A curated marketplace just launched where AI builders list their systems and get paid - setup fee + monthly recurring. No sales, no client chasing. They handle everything, you just build.
100% free to join. No fees, no subscription, no hidden costs. They only take 20% when you earn - on setup fee and recurring. That's it.
Accepted builders are earning from day one. Spots are limited by design.
Takes 5 minutes to apply. You'll need a 90-second video of your system in action.
โ https://tglink.io/3508aa8711f389
Daily updates from the CEO: https://tglink.io/e2ba74d53c7039
Follow, like & share in "your network" - these guys are building something seriously worth watching.
PS: First systems go live tomorrow.

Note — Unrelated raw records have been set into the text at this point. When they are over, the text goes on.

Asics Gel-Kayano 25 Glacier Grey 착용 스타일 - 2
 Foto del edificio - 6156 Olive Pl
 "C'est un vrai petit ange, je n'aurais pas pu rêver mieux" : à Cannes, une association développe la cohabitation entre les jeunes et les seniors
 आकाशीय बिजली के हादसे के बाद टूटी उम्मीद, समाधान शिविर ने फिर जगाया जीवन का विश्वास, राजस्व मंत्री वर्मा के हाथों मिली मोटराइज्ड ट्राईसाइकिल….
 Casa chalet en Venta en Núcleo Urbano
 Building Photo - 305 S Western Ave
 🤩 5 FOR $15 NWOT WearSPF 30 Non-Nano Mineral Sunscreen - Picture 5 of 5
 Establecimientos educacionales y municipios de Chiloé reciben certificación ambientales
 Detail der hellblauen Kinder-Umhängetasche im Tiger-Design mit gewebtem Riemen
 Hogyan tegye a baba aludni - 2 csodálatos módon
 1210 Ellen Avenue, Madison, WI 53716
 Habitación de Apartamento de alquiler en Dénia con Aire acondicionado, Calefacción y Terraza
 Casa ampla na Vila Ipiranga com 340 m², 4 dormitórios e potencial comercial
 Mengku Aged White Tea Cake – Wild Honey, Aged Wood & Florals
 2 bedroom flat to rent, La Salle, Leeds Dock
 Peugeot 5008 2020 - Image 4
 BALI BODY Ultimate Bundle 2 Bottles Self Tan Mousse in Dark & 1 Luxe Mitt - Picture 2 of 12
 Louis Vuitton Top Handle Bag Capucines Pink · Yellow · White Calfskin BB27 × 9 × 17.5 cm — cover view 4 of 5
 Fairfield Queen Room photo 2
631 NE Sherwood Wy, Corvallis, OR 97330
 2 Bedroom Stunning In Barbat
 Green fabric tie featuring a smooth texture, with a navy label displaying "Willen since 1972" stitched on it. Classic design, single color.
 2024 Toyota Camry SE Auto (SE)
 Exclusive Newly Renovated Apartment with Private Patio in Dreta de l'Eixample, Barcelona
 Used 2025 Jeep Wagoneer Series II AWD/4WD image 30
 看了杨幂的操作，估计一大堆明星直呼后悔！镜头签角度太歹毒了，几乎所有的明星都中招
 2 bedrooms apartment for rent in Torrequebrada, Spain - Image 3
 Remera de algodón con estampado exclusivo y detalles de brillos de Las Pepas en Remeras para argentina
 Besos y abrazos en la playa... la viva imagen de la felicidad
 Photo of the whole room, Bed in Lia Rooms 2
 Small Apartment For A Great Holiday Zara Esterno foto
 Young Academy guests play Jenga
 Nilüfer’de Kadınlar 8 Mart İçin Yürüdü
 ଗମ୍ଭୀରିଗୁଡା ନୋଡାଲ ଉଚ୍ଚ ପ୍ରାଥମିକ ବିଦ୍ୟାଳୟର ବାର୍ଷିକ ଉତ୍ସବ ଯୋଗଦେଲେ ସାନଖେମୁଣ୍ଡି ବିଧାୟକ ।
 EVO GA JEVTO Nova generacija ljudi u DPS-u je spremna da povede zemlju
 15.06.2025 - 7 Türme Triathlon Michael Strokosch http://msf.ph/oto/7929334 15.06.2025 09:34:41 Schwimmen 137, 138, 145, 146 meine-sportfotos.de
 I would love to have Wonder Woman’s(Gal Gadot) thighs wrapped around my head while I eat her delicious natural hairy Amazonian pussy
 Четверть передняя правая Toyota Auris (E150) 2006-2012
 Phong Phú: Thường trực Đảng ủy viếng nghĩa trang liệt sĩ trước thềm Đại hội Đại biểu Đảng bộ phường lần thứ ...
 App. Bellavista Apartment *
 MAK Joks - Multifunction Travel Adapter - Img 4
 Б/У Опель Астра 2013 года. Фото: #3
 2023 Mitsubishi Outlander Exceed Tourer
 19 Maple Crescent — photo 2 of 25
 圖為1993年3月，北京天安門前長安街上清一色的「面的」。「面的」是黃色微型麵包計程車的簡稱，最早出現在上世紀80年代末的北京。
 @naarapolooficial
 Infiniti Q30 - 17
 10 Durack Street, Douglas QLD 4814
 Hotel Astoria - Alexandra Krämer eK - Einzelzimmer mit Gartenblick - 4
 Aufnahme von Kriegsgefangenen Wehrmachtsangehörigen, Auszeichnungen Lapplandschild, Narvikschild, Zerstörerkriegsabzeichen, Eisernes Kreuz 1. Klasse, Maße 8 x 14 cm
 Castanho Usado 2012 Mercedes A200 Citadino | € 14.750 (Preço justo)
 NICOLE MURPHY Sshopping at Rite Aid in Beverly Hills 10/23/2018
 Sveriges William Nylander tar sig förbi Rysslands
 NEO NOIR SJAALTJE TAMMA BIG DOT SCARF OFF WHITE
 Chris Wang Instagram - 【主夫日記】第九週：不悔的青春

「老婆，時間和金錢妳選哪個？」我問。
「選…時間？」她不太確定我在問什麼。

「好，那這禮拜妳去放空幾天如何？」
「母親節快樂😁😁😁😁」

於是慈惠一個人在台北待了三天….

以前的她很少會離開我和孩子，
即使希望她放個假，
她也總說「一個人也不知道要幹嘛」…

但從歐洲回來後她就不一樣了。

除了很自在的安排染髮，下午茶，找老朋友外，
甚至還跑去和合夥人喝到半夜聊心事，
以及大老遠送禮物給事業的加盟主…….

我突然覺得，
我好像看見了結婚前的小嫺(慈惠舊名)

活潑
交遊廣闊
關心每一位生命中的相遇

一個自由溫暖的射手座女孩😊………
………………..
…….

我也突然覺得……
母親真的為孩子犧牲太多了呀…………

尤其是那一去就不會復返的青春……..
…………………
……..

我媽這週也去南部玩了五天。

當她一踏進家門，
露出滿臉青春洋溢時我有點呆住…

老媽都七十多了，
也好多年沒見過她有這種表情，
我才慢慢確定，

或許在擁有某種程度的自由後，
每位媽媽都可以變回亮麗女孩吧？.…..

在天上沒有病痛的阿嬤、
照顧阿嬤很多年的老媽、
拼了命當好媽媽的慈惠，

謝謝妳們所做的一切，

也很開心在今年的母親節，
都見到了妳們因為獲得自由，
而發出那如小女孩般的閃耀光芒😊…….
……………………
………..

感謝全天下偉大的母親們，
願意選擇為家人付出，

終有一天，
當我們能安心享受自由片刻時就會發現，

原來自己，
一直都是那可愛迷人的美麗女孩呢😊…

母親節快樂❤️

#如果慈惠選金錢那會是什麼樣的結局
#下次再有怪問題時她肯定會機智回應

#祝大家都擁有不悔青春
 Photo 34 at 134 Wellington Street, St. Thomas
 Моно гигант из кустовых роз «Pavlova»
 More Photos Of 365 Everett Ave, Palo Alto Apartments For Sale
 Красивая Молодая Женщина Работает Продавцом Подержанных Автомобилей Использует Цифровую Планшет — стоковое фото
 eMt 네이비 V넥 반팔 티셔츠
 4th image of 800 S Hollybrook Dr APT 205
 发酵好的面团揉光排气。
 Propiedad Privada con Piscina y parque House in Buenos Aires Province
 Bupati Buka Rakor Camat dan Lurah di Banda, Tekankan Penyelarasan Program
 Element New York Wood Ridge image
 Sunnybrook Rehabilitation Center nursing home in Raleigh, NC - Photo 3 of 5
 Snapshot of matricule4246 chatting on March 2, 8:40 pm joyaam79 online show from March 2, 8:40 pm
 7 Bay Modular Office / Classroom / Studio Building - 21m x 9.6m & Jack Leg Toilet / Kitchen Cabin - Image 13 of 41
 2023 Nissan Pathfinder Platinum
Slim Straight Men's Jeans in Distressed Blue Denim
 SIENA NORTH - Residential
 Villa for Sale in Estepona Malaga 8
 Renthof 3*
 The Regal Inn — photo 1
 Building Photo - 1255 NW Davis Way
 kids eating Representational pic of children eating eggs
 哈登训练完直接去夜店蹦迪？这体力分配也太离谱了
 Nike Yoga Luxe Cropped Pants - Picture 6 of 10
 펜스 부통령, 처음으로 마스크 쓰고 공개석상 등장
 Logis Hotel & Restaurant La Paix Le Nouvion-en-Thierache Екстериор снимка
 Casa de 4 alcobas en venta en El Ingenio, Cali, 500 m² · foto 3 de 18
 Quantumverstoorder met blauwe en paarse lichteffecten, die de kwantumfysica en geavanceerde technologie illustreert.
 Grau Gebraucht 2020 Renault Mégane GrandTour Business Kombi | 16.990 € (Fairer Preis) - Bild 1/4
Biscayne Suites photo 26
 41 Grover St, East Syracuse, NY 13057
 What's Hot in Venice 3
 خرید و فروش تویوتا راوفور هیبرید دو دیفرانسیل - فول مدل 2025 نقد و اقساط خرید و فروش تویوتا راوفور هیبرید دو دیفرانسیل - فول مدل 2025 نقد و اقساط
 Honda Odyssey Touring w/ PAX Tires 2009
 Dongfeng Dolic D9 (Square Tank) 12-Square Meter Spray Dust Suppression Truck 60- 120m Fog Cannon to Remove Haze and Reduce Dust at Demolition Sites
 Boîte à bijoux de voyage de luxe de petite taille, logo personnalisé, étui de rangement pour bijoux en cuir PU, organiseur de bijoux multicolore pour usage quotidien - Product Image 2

Builders who join early get the best positioning... investor-backed marketing means they bring the clients to you. | 0 |
| 11 | Python Projects for your Data Science Portfolio
โก๏ธ| Data Analysis Portfolio Projects
https://github.com/AlexTheAnalyst/PortfolioProjects
โก๏ธ| Python for Data Analysis (pydata-book)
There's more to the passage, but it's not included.